Universal childcare payment to be unveiled in budget
State subsidy of up to €900 for all children between six months and three
All parents with children aged between six months and three years in childcare will be entitled to up to €900 in State subsidies a year, in budget measures to be announced today.
The poorest families will receive €8,000 annually under the budget’s childcare arrangement. Minister for Children Katherine Zappone’s plan will see all parents, no matter what their income, receive some subsidy from the State.
The targeted subsidies for the poorest will also apply to after-school care for children up to the age of 15.
Sources said the plan also includes the two free years of pre-school that apply from the age of three.
The move will be one of the centrepieces of the minority Fine Gael-Independent Government’s first budget, to be delivered by Minister for Finance Michael Noonan and Minister for Public Expenditure Paschal Donohoe. It will be passed through the Dáil with the acquiescence of Fianna Fáil, who will honour the confidence and supply agreement struck with Fine Gael earlier this year.
Fianna Fáil and the Government last night agreed the shape of a welfare package that would see the old age pension rise by €5 a week from March. The start time and size of increase in a number of other payments, such as disability and carer’s allowances were under discussion last night.
Secured a reduction
The Independent Alliance secured a reduction in prescription charges for the over 70s. A packet of cigarettes is due to go up by 50 cent.

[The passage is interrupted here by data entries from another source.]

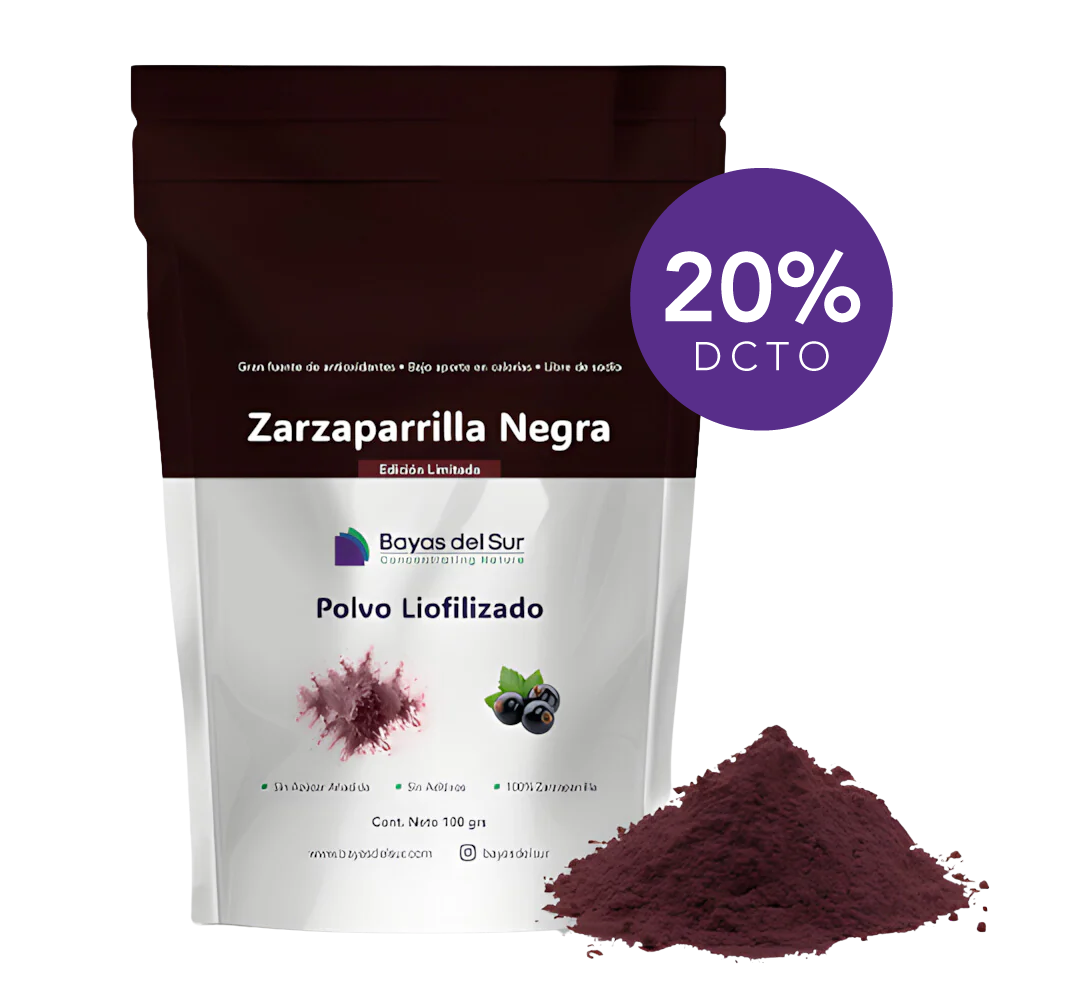 POLVO LIOFILIZADO ZARZAPARRILLA NEGRA CONVENCIONAL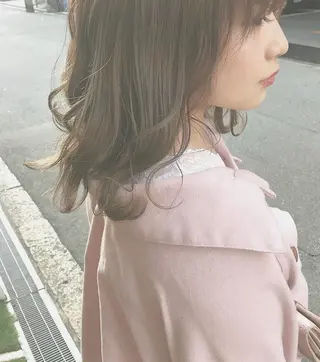 セミロング カラー YUI🍊 ボブ/メンズパーマのヘアスタイル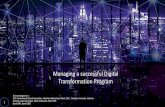 Managing a successful Digital Transformation Program
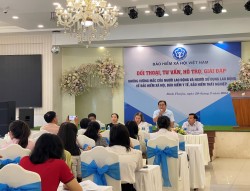 Công ty TNHH Xổ số kiến thiết Bình Thuận tham gia Hội nghị đối thoại, tư vấn, hỗ trợ, giải đáp về bảo hiểm xã hội, bảo hiểm y tế, bảo hiểm thất nghiệp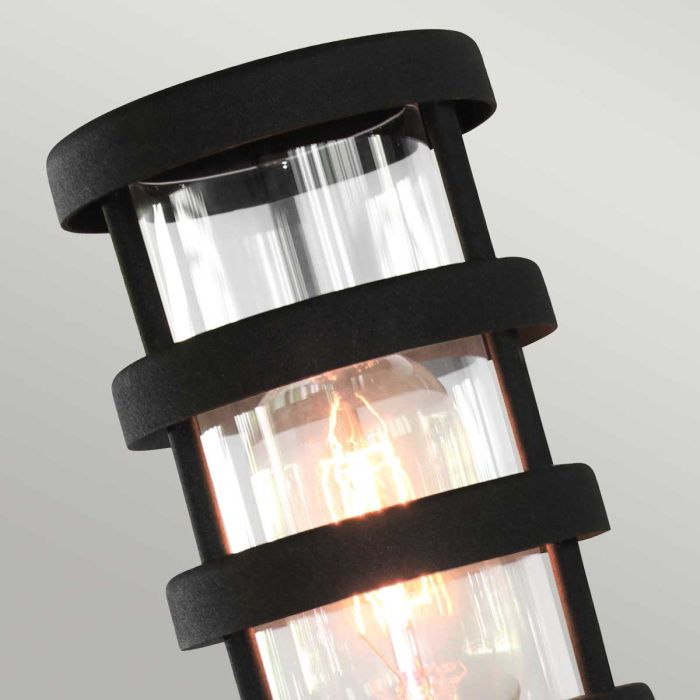 Hornbaek 1 Light Pedestal Lantern - Black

Ms Zappone’s plan is to be heavily weighted towards those on lower incomes. Fine Gael had argued for greater access to the scheme for the so-called squeezed middle of people earning up to €70,000. All families, no matter what their income levels, will be entitled to as much as €900 a year, if the child is in 40 hours per week of childcare. The payment will apply on a pro-rata basis of a State subsidy of 50 cent an hour of childcare. This will be paid directly to the childcare provider. This would mean a child in care for 40 hours a week would receive an €80 subsidy a month.
The universal payment will kick in when the joint net parental income rises over an income threshold of about €47,000 for a family with one child. The threshold will rise if there are more children. Those below that threshold will receive a greater subsidy the lower their income is. Ms Zappone received a total increase in her departmental budget of about €150 million, according to sources.

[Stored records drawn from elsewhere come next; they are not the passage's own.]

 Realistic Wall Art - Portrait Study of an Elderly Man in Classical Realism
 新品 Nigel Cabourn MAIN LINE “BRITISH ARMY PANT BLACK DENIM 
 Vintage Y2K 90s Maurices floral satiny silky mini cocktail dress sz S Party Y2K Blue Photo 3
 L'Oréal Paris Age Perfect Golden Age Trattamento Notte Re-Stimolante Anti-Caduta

The measures will be contained in a €1.2 billion budget package, split between spending increases and tax cuts on a 2:1 ratio. The taxation measures will include:
A 0.5 per cent cut in the 1 per cent, 3 per cent and 5.5 per cent rates of universal social charge (USC).
An increase in the inheritance tax threshold from €280,000 to €310,000 for gifts between parents and children.
A first-time buyer’s scheme will see income tax refunds at a maximum of €20,000 on homes worth up to €600,000.
A €100 increase in the home carer’s tax credit.
A €400 increase in the earned income tax credit for the self-employed.
Mr Donohoe is also to release funding for 800 extra gardaí, 1,000 nurses and 1,400 new teachers, including resource teachers and special needs assistants. This will not reduce the pupil-teacher ratio but will keep pace with demographic demands.